◆ Provided entries
----

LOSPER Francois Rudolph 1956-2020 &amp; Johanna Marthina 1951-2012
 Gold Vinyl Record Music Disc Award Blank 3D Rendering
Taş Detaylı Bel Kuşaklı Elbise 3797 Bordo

----

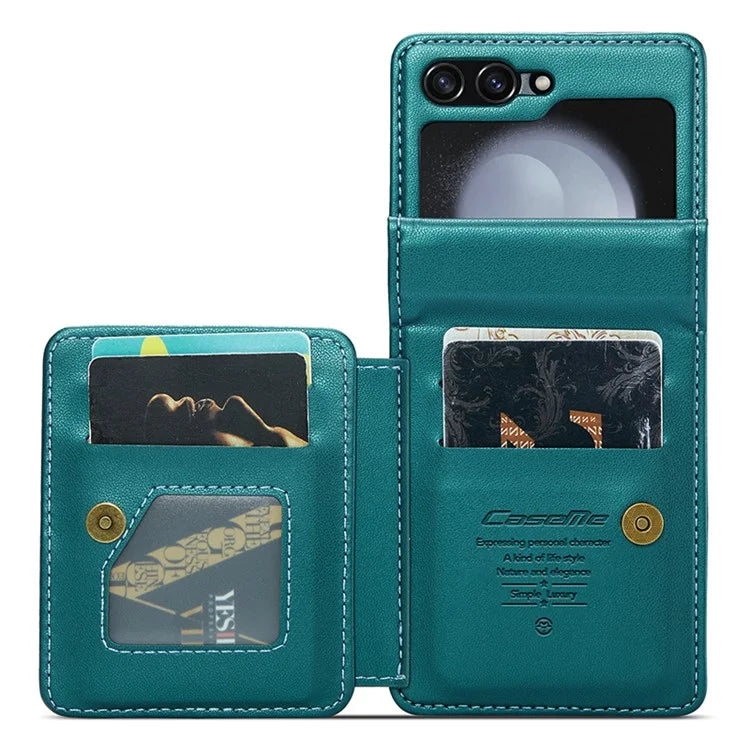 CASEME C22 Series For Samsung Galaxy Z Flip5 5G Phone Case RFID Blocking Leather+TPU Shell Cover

----

◆ Task statement
When the line with "Gold Vinyl Record" is reached in the data above, begin copying, and stop after the line with "Taş Detaylı Bel Kuşaklı Elbise 3797 Bordo"; copy each line exactly, both ends included.

◆ Written response
 Gold Vinyl Record Music Disc Award Blank 3D Rendering
Taş Detaylı Bel Kuşaklı Elbise 3797 Bordo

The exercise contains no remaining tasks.